Last week, the International Energy Agency (IEA) released its World Energy Outlook (WEO) for 2022. The WEO is an annual publication presenting medium-term global energy market analysis and projections under various scenarios.
- The Stated Policies Scenario (STEPS) shows the trajectory based on current government policy, and those that are under development, around the world.
- The Announced Pledges Scenario (APS) shows the trajectory if governments meet all aspirational climate targets on time.
The WEO also includes a third scenario—Net Zero Emissions by 2050 Scenario (NZE)—which maps out the trajectory required to achieve a 1.5°C world by 2030. This scenario is not based on any policy commitments and is more illustrative.
Until recent years the IEA also mapped a “Current Policies” scenario but have done away with that in favour of the assumption that increased climate policy action will continue.
This year’s report was written amidst an unprecedented energy crisis—triggered by Russia’s invasion of Ukraine. While energy markets were certainly strained before the invasion, Russia’s actions pushed global markets into full-blown turmoil. Europe’s sanctions on Russian oil and coal and Russia’s curtailment of natural gas exports to Europe represent the severance of a major trade relationship. Immediately, it has caused an energy affordability and security crisis in Europe. And in the long run, it is prompting a permanent, fundamental reorganization of global energy trade.
The WEO report purports that because of Russia’s invasion of Ukraine, the deployment and uptake of clean energy will accelerate as countries transition off Russian gas and look to more secure sources of energy. This outcome is, of course, an assumption and runs somewhat counter to the immediate reaction in Europe.
Even so, for the first time, WEO analysis shows that global demand for each fossil fuel—natural gas, coal, and oil—peaks or plateaus across every scenario they mapped. In other words, there is no scenario that sees continued, long-term growth for any fossil fuel-based energy.
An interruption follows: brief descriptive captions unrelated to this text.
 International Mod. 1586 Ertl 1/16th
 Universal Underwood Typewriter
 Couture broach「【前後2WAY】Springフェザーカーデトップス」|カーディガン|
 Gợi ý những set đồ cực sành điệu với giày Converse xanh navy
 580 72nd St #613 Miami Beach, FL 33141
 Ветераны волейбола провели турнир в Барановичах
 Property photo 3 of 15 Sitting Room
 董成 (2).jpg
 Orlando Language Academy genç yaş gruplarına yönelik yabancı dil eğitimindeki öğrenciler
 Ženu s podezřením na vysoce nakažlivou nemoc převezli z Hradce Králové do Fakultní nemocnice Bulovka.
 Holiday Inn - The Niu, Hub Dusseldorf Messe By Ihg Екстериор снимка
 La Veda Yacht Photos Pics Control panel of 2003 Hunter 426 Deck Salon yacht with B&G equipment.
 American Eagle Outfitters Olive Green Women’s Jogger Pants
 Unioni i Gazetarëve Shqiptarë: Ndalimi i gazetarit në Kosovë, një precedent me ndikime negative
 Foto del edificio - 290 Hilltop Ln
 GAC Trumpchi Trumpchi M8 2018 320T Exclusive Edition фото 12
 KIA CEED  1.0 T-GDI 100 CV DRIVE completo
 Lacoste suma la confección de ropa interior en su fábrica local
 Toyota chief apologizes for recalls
In this Quick Read, we highlight three charts from this year’s WEO and examine what they might mean for Canada.
Global Oil Demand

The WEO sees two possible, but very different, trajectories for global oil demand. In STEPS—the current and in-development policy environment—global oil demand continues to grow and peaks in the mid-2030s. Afterwards, it remains largely flat, near peak levels, through to 2050. In this scenario, Canadian oil production increases by 0.6 mb/d between now and 2030 as oil sands projects currently under development come online. Between 2040 and 2050, overall production levels are projected to fall in Canada. However, under this scenario Canadian oil sands production is actually higher in 2050 than it is today—3.7 mb/d versus 3.4 mb/d.
In APS—an aspirational policy environment—global oil demand peaks one decade earlier than STEPS, in the mid-2020s and steadily declines thereafter. By 2050, production levels are nearly 40% lower than current levels. In this scenario, the WEO projects that Canadian production will decline between now and 2030 and face an even sharper decline between 2030 and 2050. By 2050, Canadian production levels will by 43% lower than current levels, implying that Canada will get a shrinking share of the dwindling demand base.
No matter which scenario plays out in the coming decades, the fact remains that Canada’s oil industry does not face imminent irrelevance (contrary to the belief and/or hope of some) and will continue to play an important role in our economy and in the global energy mix for decades to come.
LNG Capacity and Trade

Europe’s near term-need for non-Russian gas is strengthening demand and competition for LNG. In fact, all scenarios see growing demand for LNG until the mid-2020s. However, long-term prospects for LNG vary widely depending on the scenario. For example, in STEPS, demand for LNG exports is expected to widely outstrip the LNG supply currently available or under construction. On the other hand, in APS, existing projects and those already under construction will be able to meet LNG growth.
This uncertain future for LNG makes future investments in LNG tricky as projects are capital-intensive, have long lead times to construct, and require decades to break even. Therefore, as Canada contemplates possible future investments in LNG, it must look beyond the short-term demand and consider the long-term outlook, which the WEO sees as highly uncertain.
Hydrogen trade

Russia’s invasion of Ukraine has given the hydrogen sector a major boost as the EU looks to eventually substitute oil and Russian gas with low-emissions hydrogen. Japan and Korea will also be early drivers of hydrogen demand.
Hydrogen demand and production grows across all WEO scenarios, but it cannot be done without global coordination. Governments around the world have critical roles in facilitating the growth of the hydrogen sector—particularly in setting international standards for low-emissions hydrogen and providing funding support to ensure long-term demand.
In APS, the WEO forecasts that Canada will be a net exporter of hydrogen. But to get there, governments need to support the scaling up of the hydrogen sector by providing the funding to ensure reliable, long-term demand.
Conclusion
Long-term projections such as the IEA’s World Energy Outlook 2022 provide a useful perspective into how global energy supply and demand could evolve over time. The 2022 Outlook stands out as the first major projection that points to declining global fossil fuel demand under all scenarios. Others, like the confusingly-similarly-named, US-run Energy Information Administration (EIA), continue to project growth in fossil fuel demand through 2050 (in their 2021 outlook).
This is not to suggest one forecast is better than another. Rather, it is simply to say that such projections are invariably a snapshot in time based on assumptions that seldom hold true over the long term. No one knows the future, but long-term projections like those from the IEA help us prepare for what may come.